*Required work*.
Locate every line in the records below that contains the word "sobre", and copy each one.

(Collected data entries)
╔══

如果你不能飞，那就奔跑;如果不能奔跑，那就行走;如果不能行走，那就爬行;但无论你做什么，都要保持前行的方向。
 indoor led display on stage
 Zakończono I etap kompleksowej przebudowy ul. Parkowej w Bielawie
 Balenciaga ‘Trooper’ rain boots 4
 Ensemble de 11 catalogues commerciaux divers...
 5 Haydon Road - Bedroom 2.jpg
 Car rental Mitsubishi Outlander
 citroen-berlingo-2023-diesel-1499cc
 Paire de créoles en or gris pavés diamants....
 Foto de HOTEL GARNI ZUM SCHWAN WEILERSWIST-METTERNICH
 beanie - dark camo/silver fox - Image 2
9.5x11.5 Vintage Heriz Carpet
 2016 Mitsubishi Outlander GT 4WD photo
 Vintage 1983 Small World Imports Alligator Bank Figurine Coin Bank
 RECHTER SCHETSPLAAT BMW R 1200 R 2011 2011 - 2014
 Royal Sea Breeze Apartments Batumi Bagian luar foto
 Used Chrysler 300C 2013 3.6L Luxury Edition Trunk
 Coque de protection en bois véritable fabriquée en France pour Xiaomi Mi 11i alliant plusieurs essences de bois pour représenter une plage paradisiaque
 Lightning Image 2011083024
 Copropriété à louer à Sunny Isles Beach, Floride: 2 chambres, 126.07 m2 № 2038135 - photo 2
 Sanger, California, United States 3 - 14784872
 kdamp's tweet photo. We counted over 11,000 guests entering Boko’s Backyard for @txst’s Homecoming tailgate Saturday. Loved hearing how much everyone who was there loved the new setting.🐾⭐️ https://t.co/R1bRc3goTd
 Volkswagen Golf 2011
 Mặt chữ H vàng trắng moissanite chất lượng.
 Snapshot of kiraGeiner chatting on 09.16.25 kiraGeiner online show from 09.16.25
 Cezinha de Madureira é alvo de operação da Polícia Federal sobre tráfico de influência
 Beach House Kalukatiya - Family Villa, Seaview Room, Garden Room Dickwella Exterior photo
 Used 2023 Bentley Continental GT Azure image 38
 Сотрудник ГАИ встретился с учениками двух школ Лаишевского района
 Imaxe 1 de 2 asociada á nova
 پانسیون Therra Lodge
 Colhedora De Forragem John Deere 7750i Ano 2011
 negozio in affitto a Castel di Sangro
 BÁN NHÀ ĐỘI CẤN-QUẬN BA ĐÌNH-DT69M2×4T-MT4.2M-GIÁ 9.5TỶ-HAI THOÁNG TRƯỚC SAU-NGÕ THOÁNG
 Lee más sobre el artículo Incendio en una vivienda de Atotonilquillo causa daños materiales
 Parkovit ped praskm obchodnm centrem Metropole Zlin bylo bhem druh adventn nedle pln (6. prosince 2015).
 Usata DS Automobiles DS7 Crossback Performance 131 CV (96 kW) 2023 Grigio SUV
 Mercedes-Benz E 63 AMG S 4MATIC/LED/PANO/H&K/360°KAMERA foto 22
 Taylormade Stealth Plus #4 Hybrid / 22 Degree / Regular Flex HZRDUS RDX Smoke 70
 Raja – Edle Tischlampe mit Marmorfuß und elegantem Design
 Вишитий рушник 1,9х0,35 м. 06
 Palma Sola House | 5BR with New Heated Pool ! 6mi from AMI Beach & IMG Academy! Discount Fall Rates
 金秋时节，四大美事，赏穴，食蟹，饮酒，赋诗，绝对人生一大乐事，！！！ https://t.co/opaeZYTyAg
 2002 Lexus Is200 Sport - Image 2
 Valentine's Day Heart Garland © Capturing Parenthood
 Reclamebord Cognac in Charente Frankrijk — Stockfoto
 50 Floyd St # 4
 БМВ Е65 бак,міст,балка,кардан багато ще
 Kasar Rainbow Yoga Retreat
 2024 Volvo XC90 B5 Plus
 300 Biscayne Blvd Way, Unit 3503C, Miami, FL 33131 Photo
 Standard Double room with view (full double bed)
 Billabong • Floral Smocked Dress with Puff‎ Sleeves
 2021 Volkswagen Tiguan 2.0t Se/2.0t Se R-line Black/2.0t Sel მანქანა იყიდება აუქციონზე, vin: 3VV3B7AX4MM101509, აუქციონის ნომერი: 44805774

╚══

*Exercise answer*.
 Cezinha de Madureira é alvo de operação da Polícia Federal sobre tráfico de influência
 Lee más sobre el artículo Incendio en una vivienda de Atotonilquillo causa daños materiales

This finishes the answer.